A blog about being a broke twenty-something grad student in L.A. At least the good parts.

Sunday, July 29, 2007

There are some upsides to breaking a computer, right?

There seems to be at least one good thing about the "PowerBook + water = dead computer" equation, and it is that I have to build my iTunes library from scratch. I'm not uploading things that I already had, in the hope that when I take the old hard drive out, I'll be able to transfer everything over. A lot of the stuff I had on there was sent to me by Joe, or uploaded from Corey's extensive library. (Corey is my now ex-boyfriend that I lived with for two years.) Corey has graciously offered his CD library to me, after I told him the story. I would say I had about fifty of my own albums on there. So what I've uploaded so far is mostly older stuff, which translates into a lot of my hardcore, post-punk, and basically heavier stuff. Some of it is also just indie stuff I haven't listened to in a long time, due to simple neglect. It's like travelling back in time! It's like getting my money's worth all over again!

Other than that, I can't think of any really good upsides to wrecking a perfectly good computer, but that's probably because I'm just not trying hard enough.

After going through last week, which was definitely worse than most in the recent past, it feels great to get back to my normal self. I realized only today that I was getting really uptight and neurotic last week, which I guess is my fallback personality when things aren't going well. I don't handle the stress of the unknown with grace. I sure wish I could learn how to do that. This weekend definitely helped me get my mind off of the computer problems, and helped me to not think about the fact that I made zero progress on my new paper. Friday was relaxing in that I spent the evening doing laundry and watching Sex and the City (contain your jealousy of my exciting nights)...and sort of mentally decompressing. Saturday morning I had a slight lapse into yelling in anger as I spent 30+ minutes on hold on a customer service line only to get cut off somehow. However, I recovered quickly and made my way over to violin, where we learned Canon in D. Only one more week of Level 1 violin. I'm so glad they've decided to add a Level 2 and Level 3. It ends up being $10 per one and a half hour class, which is so much more than reasonable. I couldn't afford private lessons.
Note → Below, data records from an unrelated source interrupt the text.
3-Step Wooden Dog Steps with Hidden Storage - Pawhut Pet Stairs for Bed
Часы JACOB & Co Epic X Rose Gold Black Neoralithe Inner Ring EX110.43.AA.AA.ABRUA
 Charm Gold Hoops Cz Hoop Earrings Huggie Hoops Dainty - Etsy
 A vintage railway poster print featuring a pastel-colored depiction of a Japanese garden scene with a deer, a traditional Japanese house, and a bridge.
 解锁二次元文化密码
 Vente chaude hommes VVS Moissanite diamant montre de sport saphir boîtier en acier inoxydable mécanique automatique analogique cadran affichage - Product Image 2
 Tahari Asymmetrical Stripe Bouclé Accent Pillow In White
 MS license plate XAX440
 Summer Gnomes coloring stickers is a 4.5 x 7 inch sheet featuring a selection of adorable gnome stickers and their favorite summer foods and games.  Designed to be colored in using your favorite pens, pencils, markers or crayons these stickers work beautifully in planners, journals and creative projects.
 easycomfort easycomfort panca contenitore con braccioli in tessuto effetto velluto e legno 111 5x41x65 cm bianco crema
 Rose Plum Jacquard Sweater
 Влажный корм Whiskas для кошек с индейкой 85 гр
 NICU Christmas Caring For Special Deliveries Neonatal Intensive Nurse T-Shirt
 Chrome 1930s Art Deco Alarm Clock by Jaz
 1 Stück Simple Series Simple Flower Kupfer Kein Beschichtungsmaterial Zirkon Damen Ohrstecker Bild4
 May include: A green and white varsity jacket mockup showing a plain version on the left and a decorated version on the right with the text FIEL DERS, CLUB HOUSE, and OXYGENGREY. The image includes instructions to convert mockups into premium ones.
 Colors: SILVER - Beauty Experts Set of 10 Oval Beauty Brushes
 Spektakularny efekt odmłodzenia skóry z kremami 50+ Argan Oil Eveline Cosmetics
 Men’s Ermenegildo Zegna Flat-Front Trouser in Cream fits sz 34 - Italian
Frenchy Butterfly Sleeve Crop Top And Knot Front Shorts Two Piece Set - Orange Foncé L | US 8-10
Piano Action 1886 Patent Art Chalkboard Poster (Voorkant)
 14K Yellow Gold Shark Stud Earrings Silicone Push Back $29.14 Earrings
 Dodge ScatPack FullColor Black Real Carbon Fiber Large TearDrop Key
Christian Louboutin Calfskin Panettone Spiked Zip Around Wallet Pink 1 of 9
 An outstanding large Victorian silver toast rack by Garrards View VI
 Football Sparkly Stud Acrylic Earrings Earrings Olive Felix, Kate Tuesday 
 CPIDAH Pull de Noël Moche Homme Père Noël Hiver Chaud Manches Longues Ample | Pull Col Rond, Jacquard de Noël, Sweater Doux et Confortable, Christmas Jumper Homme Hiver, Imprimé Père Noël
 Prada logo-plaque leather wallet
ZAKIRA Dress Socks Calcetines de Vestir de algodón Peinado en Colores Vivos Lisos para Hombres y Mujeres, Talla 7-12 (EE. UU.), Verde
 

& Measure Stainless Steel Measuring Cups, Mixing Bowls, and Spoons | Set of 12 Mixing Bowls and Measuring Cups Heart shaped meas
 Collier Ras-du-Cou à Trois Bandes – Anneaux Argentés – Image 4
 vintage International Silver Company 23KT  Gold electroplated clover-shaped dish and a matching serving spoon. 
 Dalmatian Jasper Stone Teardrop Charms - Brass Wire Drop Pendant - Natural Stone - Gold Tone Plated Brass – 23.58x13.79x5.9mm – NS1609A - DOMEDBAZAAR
One of B's friend threw a party on Saturday afternoon in honor of landing a job after many months of searching. On a personal sidenote, I think I would go absolutely insane if I couldn't find a job for months. I think it's some strange part of my personality. I am only starting to understand how out of control I feel if things aren't meeting a pretty high threshold of where I think they should be. I am not someone you would describe by saying "she goes with the flow". No, I try to control the flow. We had a lot of fun, and I met some more new people who were all very down to earth and interesting and funny.

Today was one of those days that put things in perspective for me, it was so great. I'm finally beginning to appreciate the art of sleeping in past 8 a.m. (really, not joking). B had planned ahead so we could make french toast when we got up, and it ended up turning out fantastic! We had taped Sarah Silverman's movie "Jesus is Magic" when it was on last weekend (Comedy Central showed it late at night, uncut and uncensored), and watched it today. Then I came home and made a to-do list and crossed everything off. So, it was the best of both the world of relaxation and the neurotic world of getting-things-done-on-a-Sunday. I think B is really good for me.

The only thing I'd like to do in the near future is make a trip to Amoeba. It's getting to the point where I'm beginning to feel cut off from the world, I don't know what is new, or what is great right now. I need that feeling of being on the cusp of what is current in music.